AI in Early Diagnosis of Chronic Diseases
Pratik S. Shah, Nishi S. Shah, Saavan P. Asodaria
Computer Science and Engineering at Sardar Vallabhbhai Patel Institute of Technology (SVIT), Vasad.
Computer Science and Engineering at KPGU – Drs. Kiran & Pallavi Patel Global University, Vadodara.
Computer Science and Engineering at ITM (SLS) Baroda University, Vadodara.
PRATIKS7A7@GMAIL.COM
NISHISHAH1124@GMAIL.COM
SAVANASONDARIYA@GMAIL.COM
Abstract - Chronic diseases (non-communicable diseases) such as diabetes, cardiovascular disease, cancer, and neurological disorders impose a tremendous global health burden, accounting for over 40 million deaths annually (≈71% of all deaths). Early diagnosis is critical to improving outcomes and reducing healthcare costs, yet many chronic conditions manifest subtly and are detected only at advanced stages. Artificial Intelligence (AI) – encompassing machine learning (ML), deep learning (DL), and data analytics – offers powerful tools for analyzing large-scale patient data (e.g. electronic health records, imaging, and wearable sensors) to detect disease signatures before clinical symptoms appear. In this review, we survey recent literature on AI-assisted early diagnosis of multiple chronic diseases. We outline key AI methods (e.g. neural networks, ensemble learning, natural language processing) and discuss real-world case studies: for instance, deep learning on retinal images can diagnose diabetes complications, convolutional networks on mammograms can detect early-stage breast cancer, and ML models on ECG or wearable data can identify asymptomatic atrial fibrillation.

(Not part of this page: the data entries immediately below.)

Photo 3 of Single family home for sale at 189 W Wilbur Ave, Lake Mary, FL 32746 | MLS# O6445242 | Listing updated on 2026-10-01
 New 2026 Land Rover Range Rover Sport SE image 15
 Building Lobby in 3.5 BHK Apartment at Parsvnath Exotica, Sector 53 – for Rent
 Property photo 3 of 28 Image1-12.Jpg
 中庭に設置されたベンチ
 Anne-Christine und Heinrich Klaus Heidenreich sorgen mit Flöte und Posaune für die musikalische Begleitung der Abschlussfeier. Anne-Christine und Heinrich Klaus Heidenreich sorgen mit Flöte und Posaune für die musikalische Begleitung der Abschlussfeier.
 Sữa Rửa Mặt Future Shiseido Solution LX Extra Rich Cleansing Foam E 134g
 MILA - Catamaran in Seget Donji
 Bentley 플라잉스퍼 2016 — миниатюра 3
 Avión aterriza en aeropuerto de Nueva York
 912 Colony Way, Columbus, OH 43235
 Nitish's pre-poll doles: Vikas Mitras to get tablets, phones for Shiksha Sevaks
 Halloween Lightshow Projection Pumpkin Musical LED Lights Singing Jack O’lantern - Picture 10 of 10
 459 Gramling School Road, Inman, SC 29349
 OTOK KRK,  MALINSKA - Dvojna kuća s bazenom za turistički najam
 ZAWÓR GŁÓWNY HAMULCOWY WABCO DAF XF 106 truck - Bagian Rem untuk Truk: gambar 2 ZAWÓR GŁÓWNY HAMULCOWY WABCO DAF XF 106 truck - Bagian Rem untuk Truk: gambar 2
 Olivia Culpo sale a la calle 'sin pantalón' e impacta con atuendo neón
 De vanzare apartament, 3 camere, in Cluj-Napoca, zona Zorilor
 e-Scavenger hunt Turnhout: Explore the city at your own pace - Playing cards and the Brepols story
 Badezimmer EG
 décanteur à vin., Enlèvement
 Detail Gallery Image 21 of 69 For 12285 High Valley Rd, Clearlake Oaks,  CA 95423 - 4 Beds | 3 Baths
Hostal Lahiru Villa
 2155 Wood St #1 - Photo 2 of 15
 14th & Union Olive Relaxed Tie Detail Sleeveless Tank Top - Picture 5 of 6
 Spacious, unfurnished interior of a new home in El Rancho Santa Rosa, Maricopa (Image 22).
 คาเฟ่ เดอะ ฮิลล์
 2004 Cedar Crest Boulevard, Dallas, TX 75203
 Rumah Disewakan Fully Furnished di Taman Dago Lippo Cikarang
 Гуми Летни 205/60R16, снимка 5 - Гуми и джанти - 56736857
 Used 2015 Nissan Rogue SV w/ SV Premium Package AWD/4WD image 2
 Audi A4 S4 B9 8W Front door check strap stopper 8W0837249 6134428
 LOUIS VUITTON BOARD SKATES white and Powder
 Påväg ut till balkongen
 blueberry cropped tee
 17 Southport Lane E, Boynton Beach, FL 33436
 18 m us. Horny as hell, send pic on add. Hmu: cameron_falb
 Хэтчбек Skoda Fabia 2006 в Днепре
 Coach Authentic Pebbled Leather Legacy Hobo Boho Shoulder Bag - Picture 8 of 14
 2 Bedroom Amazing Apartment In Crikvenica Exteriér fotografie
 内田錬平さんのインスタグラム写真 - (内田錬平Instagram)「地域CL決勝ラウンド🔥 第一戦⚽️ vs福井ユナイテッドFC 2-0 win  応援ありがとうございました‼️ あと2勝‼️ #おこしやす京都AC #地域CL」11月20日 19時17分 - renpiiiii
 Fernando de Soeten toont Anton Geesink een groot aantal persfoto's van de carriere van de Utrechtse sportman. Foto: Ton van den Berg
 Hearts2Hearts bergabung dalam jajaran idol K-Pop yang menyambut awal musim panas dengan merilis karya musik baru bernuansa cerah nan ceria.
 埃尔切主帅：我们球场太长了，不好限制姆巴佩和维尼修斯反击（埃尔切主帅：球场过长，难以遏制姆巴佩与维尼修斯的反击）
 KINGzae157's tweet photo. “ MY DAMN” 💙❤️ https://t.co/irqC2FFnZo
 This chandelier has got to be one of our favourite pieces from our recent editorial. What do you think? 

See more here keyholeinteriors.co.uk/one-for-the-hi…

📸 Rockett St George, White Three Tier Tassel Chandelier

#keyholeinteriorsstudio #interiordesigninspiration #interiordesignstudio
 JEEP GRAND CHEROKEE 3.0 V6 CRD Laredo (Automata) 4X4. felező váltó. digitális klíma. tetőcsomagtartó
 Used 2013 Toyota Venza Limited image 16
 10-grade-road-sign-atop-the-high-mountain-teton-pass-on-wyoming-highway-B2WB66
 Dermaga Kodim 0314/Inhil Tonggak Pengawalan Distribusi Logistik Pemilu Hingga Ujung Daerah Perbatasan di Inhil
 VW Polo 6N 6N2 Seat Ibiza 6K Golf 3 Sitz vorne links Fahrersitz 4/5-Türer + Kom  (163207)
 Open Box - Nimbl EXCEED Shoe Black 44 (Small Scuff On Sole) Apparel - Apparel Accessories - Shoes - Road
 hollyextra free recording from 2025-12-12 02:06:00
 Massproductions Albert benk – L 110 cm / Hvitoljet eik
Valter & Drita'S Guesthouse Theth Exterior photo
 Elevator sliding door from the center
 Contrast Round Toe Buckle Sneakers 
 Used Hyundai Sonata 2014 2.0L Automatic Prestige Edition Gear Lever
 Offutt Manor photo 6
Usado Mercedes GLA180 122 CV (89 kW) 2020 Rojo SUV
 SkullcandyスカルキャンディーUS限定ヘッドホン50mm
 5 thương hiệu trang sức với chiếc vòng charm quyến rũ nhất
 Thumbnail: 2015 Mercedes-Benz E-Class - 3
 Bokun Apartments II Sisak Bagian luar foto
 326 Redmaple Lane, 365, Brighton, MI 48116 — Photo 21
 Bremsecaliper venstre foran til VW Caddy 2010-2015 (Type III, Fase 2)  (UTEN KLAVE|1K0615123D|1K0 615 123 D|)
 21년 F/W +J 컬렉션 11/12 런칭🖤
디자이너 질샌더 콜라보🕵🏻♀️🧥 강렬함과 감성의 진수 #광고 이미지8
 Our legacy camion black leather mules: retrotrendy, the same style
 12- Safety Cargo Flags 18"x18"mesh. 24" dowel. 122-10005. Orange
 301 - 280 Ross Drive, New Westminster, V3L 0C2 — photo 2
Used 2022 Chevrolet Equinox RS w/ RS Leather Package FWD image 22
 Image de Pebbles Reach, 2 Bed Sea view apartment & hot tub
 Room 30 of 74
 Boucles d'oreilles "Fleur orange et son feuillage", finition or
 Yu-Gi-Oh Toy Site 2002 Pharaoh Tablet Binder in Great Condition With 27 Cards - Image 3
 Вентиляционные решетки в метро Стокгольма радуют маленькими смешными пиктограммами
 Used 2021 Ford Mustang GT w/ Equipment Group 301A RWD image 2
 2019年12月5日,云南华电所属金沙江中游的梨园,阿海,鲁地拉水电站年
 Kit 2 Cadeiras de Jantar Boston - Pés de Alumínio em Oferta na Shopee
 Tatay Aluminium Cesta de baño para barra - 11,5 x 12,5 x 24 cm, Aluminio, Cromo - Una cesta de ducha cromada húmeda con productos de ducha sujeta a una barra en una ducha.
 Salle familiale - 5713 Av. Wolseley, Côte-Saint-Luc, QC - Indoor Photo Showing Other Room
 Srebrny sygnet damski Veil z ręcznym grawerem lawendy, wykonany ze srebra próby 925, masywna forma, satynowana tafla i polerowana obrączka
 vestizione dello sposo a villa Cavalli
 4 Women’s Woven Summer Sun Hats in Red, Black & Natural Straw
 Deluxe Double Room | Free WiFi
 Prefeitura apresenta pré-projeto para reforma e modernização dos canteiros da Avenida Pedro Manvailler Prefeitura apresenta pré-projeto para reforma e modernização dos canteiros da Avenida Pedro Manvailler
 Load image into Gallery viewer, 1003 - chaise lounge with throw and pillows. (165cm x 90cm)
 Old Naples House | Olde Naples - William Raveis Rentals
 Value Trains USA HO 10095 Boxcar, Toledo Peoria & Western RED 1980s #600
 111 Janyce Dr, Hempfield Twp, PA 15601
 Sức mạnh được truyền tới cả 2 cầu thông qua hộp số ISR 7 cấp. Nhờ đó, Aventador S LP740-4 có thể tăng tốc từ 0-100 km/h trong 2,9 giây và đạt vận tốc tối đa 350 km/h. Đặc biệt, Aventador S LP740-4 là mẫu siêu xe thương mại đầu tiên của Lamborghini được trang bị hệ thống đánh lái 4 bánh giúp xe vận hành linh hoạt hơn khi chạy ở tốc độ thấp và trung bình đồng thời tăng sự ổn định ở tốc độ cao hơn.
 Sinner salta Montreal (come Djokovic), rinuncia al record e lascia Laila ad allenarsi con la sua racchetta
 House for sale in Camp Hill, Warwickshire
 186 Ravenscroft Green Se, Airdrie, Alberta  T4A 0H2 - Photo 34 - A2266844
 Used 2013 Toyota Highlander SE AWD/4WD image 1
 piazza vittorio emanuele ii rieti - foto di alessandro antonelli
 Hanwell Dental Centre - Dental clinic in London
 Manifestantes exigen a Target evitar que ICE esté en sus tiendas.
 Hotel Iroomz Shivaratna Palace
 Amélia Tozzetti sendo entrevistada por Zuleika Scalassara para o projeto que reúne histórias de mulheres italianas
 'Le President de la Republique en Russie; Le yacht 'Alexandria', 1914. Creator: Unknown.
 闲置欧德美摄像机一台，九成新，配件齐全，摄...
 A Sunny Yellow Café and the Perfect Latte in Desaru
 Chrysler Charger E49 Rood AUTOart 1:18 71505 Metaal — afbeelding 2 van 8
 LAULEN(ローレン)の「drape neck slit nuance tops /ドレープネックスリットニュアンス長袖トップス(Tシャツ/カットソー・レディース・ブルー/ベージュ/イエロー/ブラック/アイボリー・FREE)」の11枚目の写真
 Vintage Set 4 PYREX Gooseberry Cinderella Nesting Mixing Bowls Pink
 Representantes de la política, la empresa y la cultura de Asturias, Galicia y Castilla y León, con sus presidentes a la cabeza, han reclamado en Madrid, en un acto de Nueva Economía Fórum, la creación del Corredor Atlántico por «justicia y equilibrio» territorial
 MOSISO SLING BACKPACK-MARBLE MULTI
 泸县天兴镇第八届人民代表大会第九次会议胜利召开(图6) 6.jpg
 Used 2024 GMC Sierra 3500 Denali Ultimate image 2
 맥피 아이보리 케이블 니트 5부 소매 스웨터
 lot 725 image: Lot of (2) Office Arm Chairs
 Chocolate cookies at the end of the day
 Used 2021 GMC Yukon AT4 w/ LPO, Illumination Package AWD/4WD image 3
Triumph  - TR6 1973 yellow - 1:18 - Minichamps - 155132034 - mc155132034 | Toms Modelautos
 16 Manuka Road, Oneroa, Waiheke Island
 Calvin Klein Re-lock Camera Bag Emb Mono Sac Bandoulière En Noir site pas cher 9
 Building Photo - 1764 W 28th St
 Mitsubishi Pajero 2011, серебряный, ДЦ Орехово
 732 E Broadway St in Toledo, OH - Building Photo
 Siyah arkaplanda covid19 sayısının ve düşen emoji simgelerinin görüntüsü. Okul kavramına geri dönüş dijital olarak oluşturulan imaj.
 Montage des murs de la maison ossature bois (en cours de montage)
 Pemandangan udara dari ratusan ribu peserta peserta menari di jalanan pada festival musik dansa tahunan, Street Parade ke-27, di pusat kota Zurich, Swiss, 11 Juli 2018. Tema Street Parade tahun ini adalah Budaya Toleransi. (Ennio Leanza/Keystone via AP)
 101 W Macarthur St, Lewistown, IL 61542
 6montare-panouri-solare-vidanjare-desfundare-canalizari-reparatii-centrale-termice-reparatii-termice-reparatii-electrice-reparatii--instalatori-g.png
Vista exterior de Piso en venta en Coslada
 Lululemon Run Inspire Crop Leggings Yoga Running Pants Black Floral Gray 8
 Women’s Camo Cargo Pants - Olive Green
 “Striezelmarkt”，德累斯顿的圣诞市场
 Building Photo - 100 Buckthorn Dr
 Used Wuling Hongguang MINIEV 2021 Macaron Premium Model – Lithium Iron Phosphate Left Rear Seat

We present examples of open datasets (e.g. ADNI, MIMIC-III, ECG databases) and illustrate how AI models trained on these can predict disease onset with high accuracy. We also address ethical and technical challenges – data privacy, algorithmic bias, interpretability, and regulatory issues – that arise in AI-driven diagnostics. Our key findings are that AI approaches consistently improve early detection accuracy across diseases, but require careful validation and ethical oversight. Finally, we discuss future directions, predicting that AI will increasingly enable personalized, proactive chronic care, contingent on solving data governance and explainability challenges.